Soon after news broke of the self-immolation, Falun Gong sources overseas began questioning the government’s official narrative. Notably, they pointed out that Falun Gong’s teachings strictly forbid killing and suicide, and that their teachings do not include references to “nirvana,” as claimed by the Chinese press. The notion that a person could set herself on fire to reach heaven simply had no basis in Falun Gong beliefs.
Falun Gong leaders insist that the [self-immolators] could not have been members of their movement, which promotes a mix of Buddhism, Taoism and traditional Chinese breathing exercises. They have said Falun Gong clearly forbids both violence and suicide and have suggested the government may have staged the incident.—Philip P. Pan, The Washington Post, February 4 2001
In the days and weeks that followed, Falun Gong practitioners identified other discrepancies in the government’s account: they noted that police had camera crews and firefighting equipment on hand at the time of the self-immolation, and that a press release was issued immediately by the state-run news agency, bypassing usual approval and vetting processes. They highlighted findings by the Washington Post that one of the self-immolators was a prostitute with no known affiliation with Falun Gong. Finally, they pointed to the CCTV footage itself, which appeared to show police striking one of the victims forcefully on the head, and to scenes from the hospital, which raised questions about whether some aspects of the CCTV story were staged for emotional effect.

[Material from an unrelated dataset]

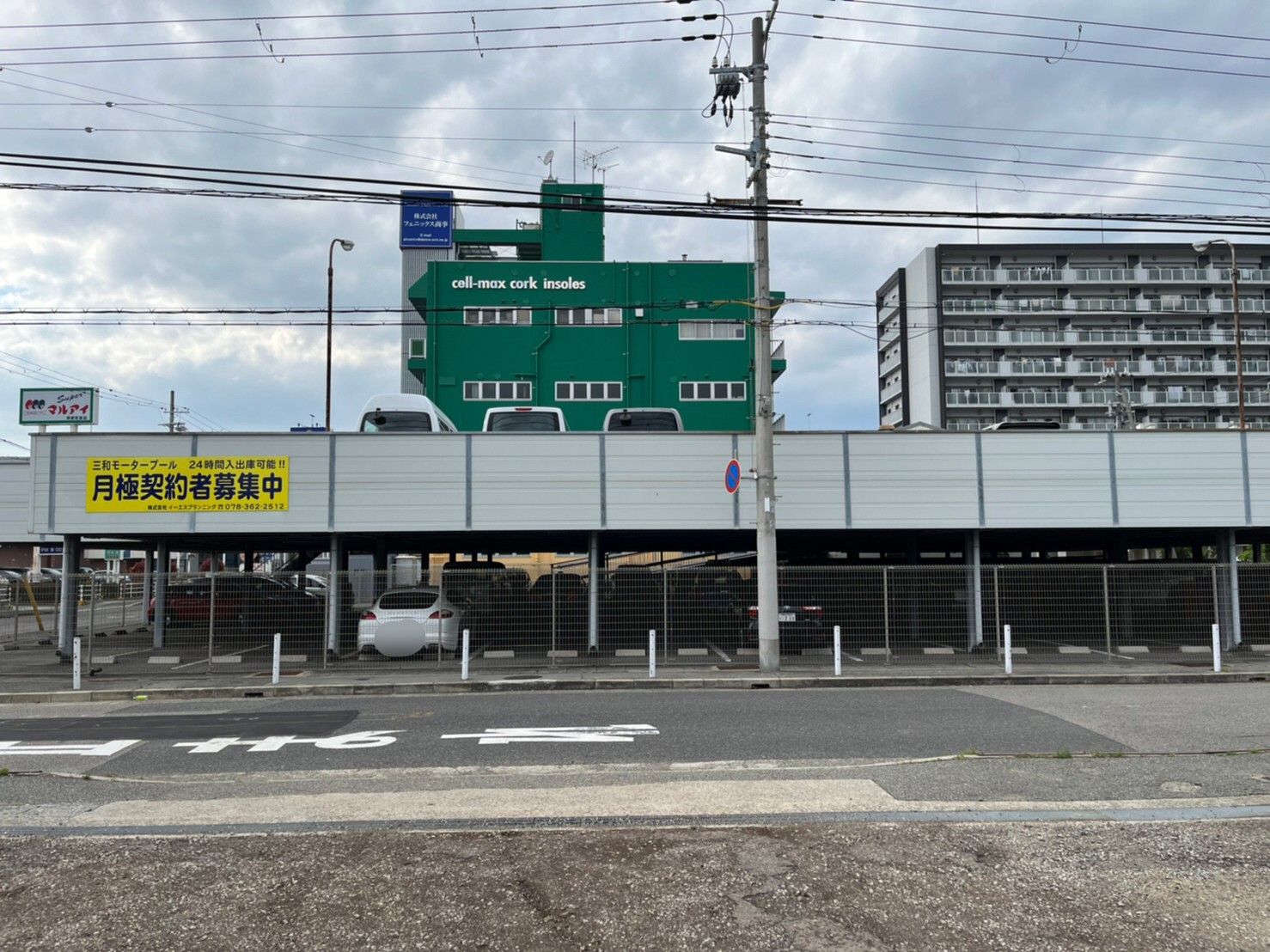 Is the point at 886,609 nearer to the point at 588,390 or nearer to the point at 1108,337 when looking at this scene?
the point at 588,390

Among most Falun Gong practitioners—as well as a number of sceptical journalists and international observers—an alternative theory of the self-immolation emerged. They contended that the victims were not Falun Gong practitioners at all, but rather that the entire event was planned by the government as a propaganda piece.
What were the long-term impacts?
Freed from the constraints of public censure or international scrutiny, Beijing began sanctioning the “systematic use of violence” against Falun Gong adherents who refused to recant their faith. Directives from Beijing ordered that practitioners be rooted out neighbourhood by neighbourhood; no one was to be spared. The Wall Street Journal described a “sharply intensified campaign of repression and control”, characterized by mass extrajudicial imprisonment, propaganda, and torture. Deaths in custody became increasingly common.
The crackdown has benefited from a turn in public opinion against Falun Gong since five purported members set themselves on fire in Tiananmen Square… As Chinese society turned against Falun Gong, pressure on practitioners to abandon their beliefs increased, and it became easier for the government to use violence against those who did not—Philip Pan, The Washington Post, August 5 2001
The Tiananmen self-immolations served another important objective: it spelled the end of persistent, peaceful Falun Gong protests on Tiananmen Square, which had become a significant irritant to the leaders in Beijing. Instead, many Falun Gong practitioners began resorting to more low-key forms of resistance, publishing literature or distributing DVDs documenting the persecution and challenging the Party’s narratives.
Under guidance from a new office in Beijing, each province has set up a team to coordinate the anti-Falun Gong battle using a two-pronged strategy: prison or ''re-education'' for leaders and recalcitrant members; intense propaganda demonizing the group for everyone else.—Erik Eckholm and Elisabeth Rosenthal, New York Times, March 9 2001
In the absence of sustained international attention or high-profile public protests, the Falun Gong story faded from view. Although there is evidence that suggests a contradicting story, no further investigations of the Tiananmen Square self-immolation were ever conducted by China-based journalists.